Siyasal belirsizlikler
Gerçi, özel yatırım serisine bakıldığında, bir eğilim de göze çarpmıyor değil. 2004 sonrasında özel yatırımlardaki artış hızı sürekli düşüyor. 2008'de ise artış, yerini azalışa bırakıyor. 2009'un ilk altı ayında ise 2001 krizine benzer bir görünüm var. Daha önceki yazılarımda, "Türkiye ekonomisinin performansında 2005 sonrasında bir düşüş var" sonucuna varırken dikkate aldığım göstergelerden birisi de özel yatırımlarda görülen bu eğilimdi.

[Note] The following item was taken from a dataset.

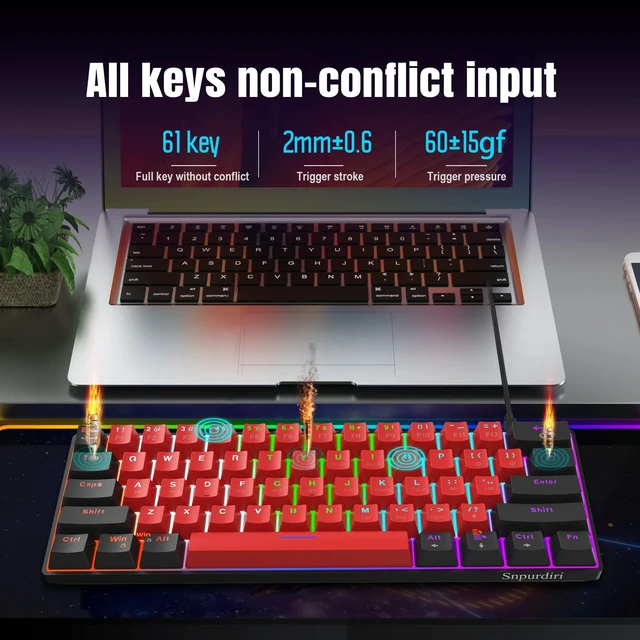 Alt view image 13 of 14 - 60% Wired Mechanical Keyboard (Black-Red, Red Switches) | Mini Gaming Keyboard with 61 Keys for PC, Windows XP, Win 7, Win 10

Bu durumda, 2010 yılında özel yatırımların yüzde 8 artabileceğine ilişkin projeksiyon neye dayanıyor olabilir? Belli ki iktisat politikası yapımcıları, 2002'deki gibi hızlı bir gelişme (yüzde 16,9 artış) olmasını beklemiyorlar. Ama niçin, özel yatırımlarda 2010 yılında "artış olmasını" bekliyorlar? Yukarıdaki tartışmaların ışığında, 2010 yılında yatırım ortamının pek de çekici olmayacağı görülüyor. 2010 hem ülke içinde hem de dışarıda siyasal belirsizliklerin yüksek olacağı bir yıla benziyor. Öte yandan ekonomide kapasite fazlası da var. Bir de üstüne özel kesimin finansman temin etme olanaklarının kriz öncesi döneme oranla belirgin bir biçimde daralacağı düşünülürse, bu soru hiç de anlamsız değil. Bütün bunları gözleyen bir şirket, elindeki kaynakları öncelikle yatırıma mı ayırır, yoksa işletme sermayesi gereksinimini karşılamaya mı? Yanıt belli: İşletme sermayesi gereksiniminin karşılanmasına. Peki, şirketler kesiminin, bundan sonra elinde yatırım yapmak için kaynak kalacak mı?